Dia benar dalam sebagian besar hal. Canucks memang memiliki pemain bagus. Mereka akan bagus dan mereka akan memenangkan pertandingan, mungkin selama berminggu-minggu dan berbulan-bulan, pada suatu saat di musim ini.
Tidak peduli seberapa besar impian pasar tentang hal itu, tim Canucks ini tidak mungkin diangkat oleh petard mereka sendiri untuk Connor Bedard, tidak dengan Demko yang menahan sekelompok penyerang dalam dinamika ini. Tidak dengan Chicago, Arizona, Montreal, dan San Jose.
Kekalahan beruntun ini pada akhirnya akan berakhir. Mereka semua melakukannya. Dan hantunya akan hilang dari ingatan.

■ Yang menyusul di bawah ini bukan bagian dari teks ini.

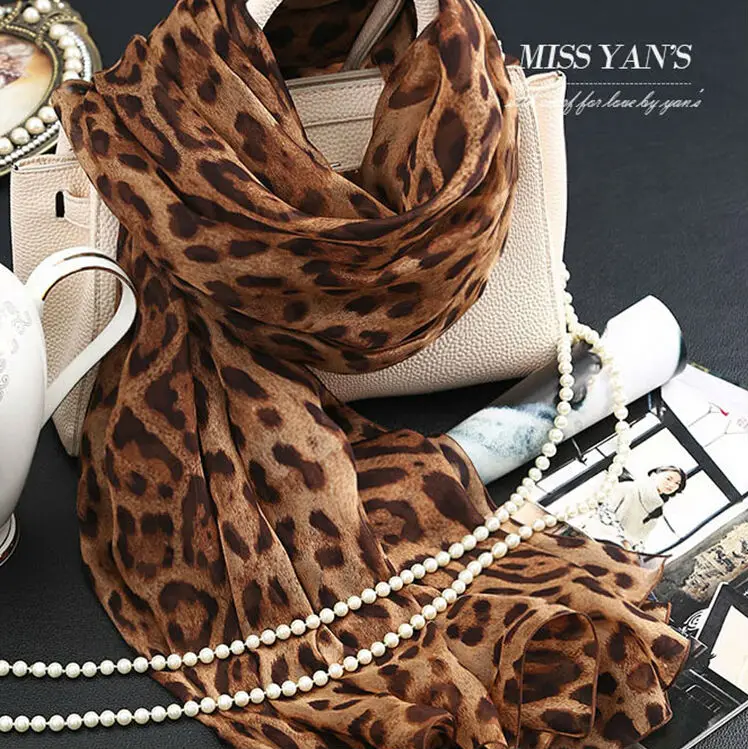 Шарф женский из натурального шелка модные кофейные шарфы с леопардовым принтом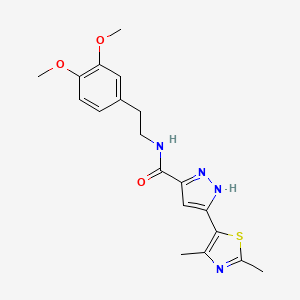 molecular formula C19H22N4O3S B2569278 N-(3,4-dimethoxyphenethyl)-3-(2,4-dimethylthiazol-5-yl)-1H-pyrazole-5-carboxamide CAS No. 1239130-25-6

Mungkin hal ini akan memudar secara menyeluruh sehingga organisasi ini hanya akan berpegang teguh pada harapan apa pun yang dapat ditemukan ketika hal tersebut berubah, mengabaikan tren yang lebih luas dalam dekade terakhir dan perbedaan kualitas yang nyata antara organisasi ini dan tim Hurricanes yang mereka singkirkan. Senin.
Ini akan setara dengan jalannya klub ini dan akan menjadi rasa malu yang jauh lebih besar daripada tim Canucks yang kehilangan satu pertandingan lagi untuk membuka musim yang naas ini.